◆ **DATASET CONTENT**

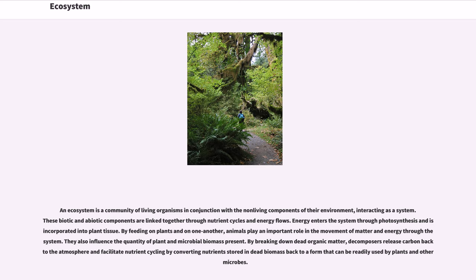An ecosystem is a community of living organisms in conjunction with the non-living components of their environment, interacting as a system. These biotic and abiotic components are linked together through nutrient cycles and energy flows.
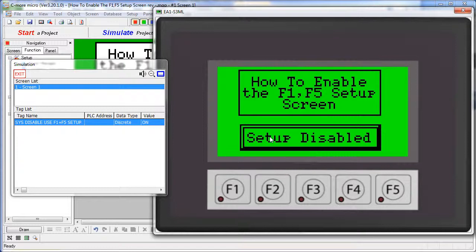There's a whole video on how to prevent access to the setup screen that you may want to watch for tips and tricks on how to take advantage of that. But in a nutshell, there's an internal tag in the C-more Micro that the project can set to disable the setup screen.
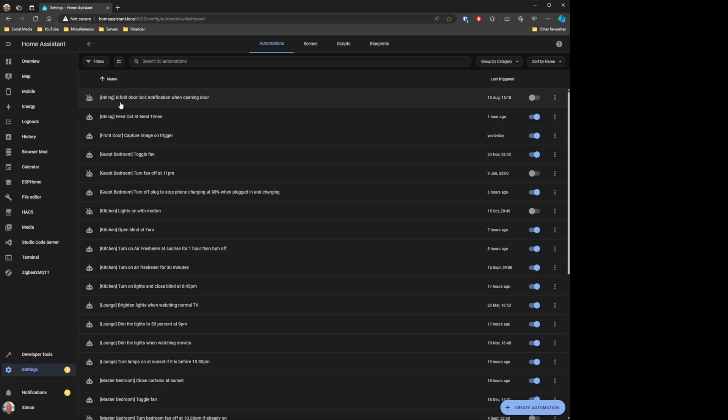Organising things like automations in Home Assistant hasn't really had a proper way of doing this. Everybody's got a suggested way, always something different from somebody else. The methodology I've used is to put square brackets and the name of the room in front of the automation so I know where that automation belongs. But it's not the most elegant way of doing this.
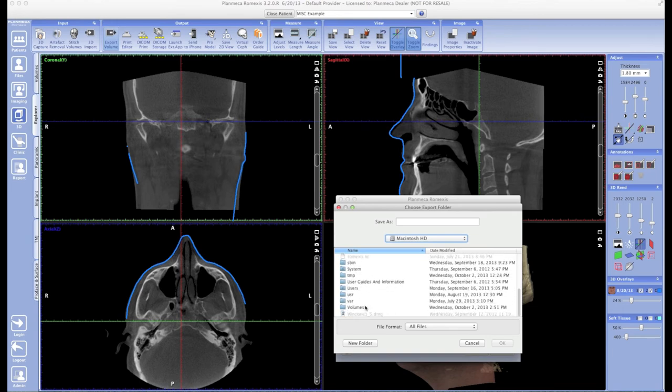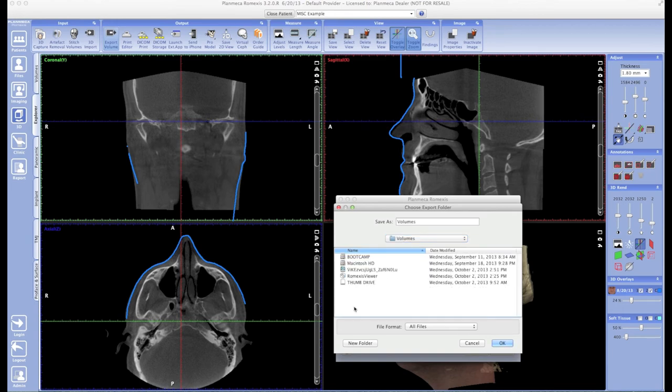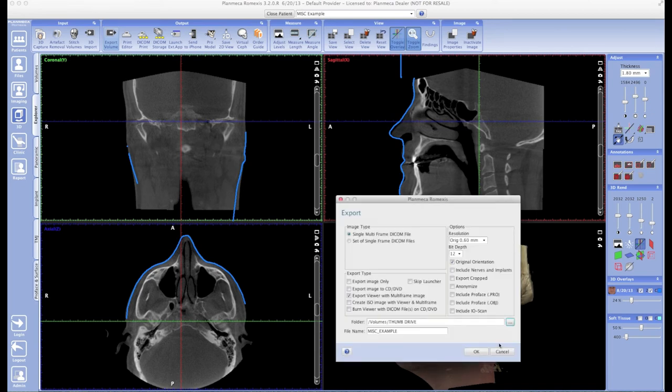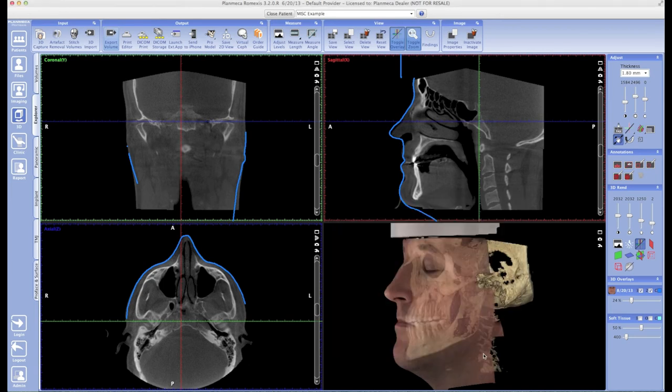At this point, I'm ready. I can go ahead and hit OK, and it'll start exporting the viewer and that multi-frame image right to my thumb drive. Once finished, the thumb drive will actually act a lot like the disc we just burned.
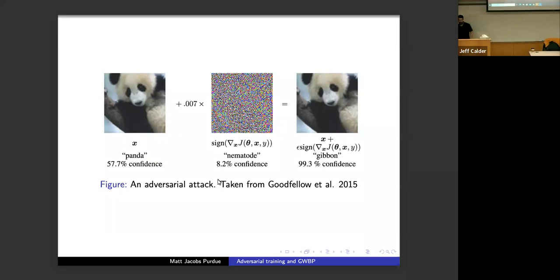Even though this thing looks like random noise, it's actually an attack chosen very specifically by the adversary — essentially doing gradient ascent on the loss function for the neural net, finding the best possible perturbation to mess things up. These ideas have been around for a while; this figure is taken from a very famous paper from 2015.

◆ **REQUIRED WORK**
Only the text of the entries belongs in the answer, copied exactly; the pictures stay out.

◆ **YOUR RESPONSE**
An ecosystem is a community of living organisms in conjunction with the non-living components of their environment, interacting as a system. These biotic and abiotic components are linked together through nutrient cycles and energy flows.
There's a whole video on how to prevent access to the setup screen that you may want to watch for tips and tricks on how to take advantage of that. But in a nutshell, there's an internal tag in the C-more Micro that the project can set to disable the setup screen.
Organising things like automations in Home Assistant hasn't really had a proper way of doing this. Everybody's got a suggested way, always something different from somebody else. The methodology I've used is to put square brackets and the name of the room in front of the automation so I know where that automation belongs. But it's not the most elegant way of doing this.
At this point, I'm ready. I can go ahead and hit OK, and it'll start exporting the viewer and that multi-frame image right to my thumb drive. Once finished, the thumb drive will actually act a lot like the disc we just burned.
Even though this thing looks like random noise, it's actually an attack chosen very specifically by the adversary — essentially doing gradient ascent on the loss function for the neural net, finding the best possible perturbation to mess things up. These ideas have been around for a while; this figure is taken from a very famous paper from 2015.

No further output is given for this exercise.